Qwen3 Coder Next NVFP4 setup

This is an NVFP4 quantized version of Qwen/Qwen3-Coder-Next (80B-A3B), a state-of-the-art code generation model using Hybrid DeltaNet + Attention + Mixture of Experts architecture. The quantization reduces the model size from ~149GB BF16 to 45GB (70% reduction) while maintaining strong performance across code generation tasks. This model is optimized for deployment with vLLM and supports context lengths up to 262,144 tokens.
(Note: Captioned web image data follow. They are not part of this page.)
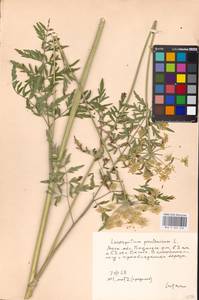 Silphiodaucus prutenicus subsp. prutenicus, Eastern Europe, Moscow region (E4a) (Russia)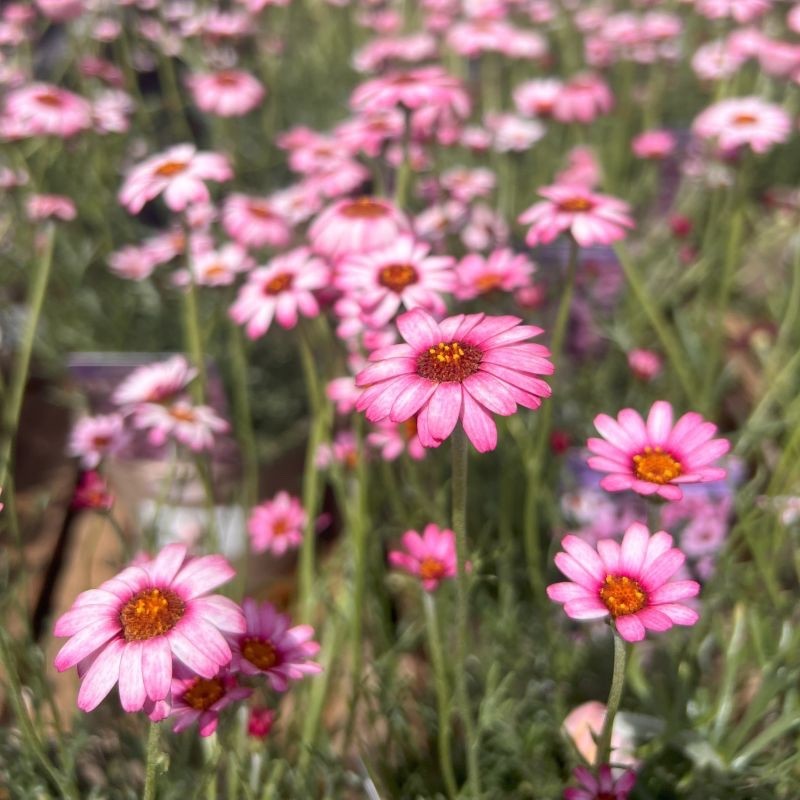 Rhodanthemum 'Marrakech' - Moroccan Daisy Hardy Garden Shrub in 2 litre pot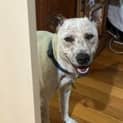 Photo of Matcha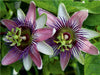 Passiflora belotii ´Kaiserin Eugenie` x - CALVENDO Foto-Puzzle - calvendoverlag 29.99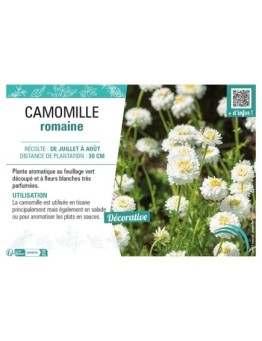 CAMOMILLE ROMAINE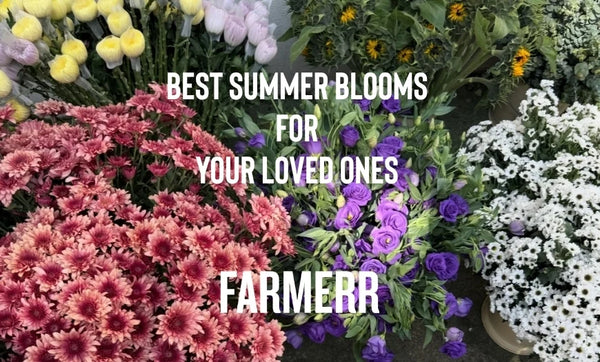 Best Summer Blooms For Your Loved Ones - Farmerr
The NVFP4 quantization runs very efficiently on NVIDIA Blackwell GPUs.

Original model: https://huggingface.co/Qwen/Qwen3-Coder-Next
NVFP4 model: https://huggingface.co/GadflyII/Qwen3-Coder-Next-NVFP4

Model Specifications & Architecture

Property Value
Base Model Qwen/Qwen3-Coder-Next
Architecture Qwen3NextForCausalLM (Hybrid DeltaNet + Attention + MoE)
Parameters 80B total, 3B activated per token
Experts 512 total, 10 activated + 1 shared
Layers 48
Context Length 262,144 tokens (256K)
Quantization NVFP4 (FP4 weights + FP4 activations)
Size 45GB (down from ~149GB BF16, 70% reduction)
Format compressed-tensors

NVFP4 Quantization Configuration

Quantized using llmcompressor 0.9.0.1 with the following configuration:

NUM_CALIBRATION_SAMPLES = 20
MAX_SEQUENCE_LENGTH = 2048
DATASET = "HuggingFaceH4/ultrachat_200k" (train_sft)
moe_calibrate_all_experts = True

# Layers kept in BF16
ignore = [
    "lm_head",
    "re:.*mlp.gate$",               # MoE router gates
    "re:.*mlp.shared_expert_gate$", # Shared expert gates
    "re:.*linear_attn.*",           # DeltaNet linear attention
]

Performance Benchmarks & Evaluation

MMLU-Pro

Model Accuracy Delta
BF16 52.90% -
NVFP4 51.27% -1.63%

Context Length Testing

Successfully tested up to 128K tokens with FP8 KV cache (Not enough VRAM to test any higher context).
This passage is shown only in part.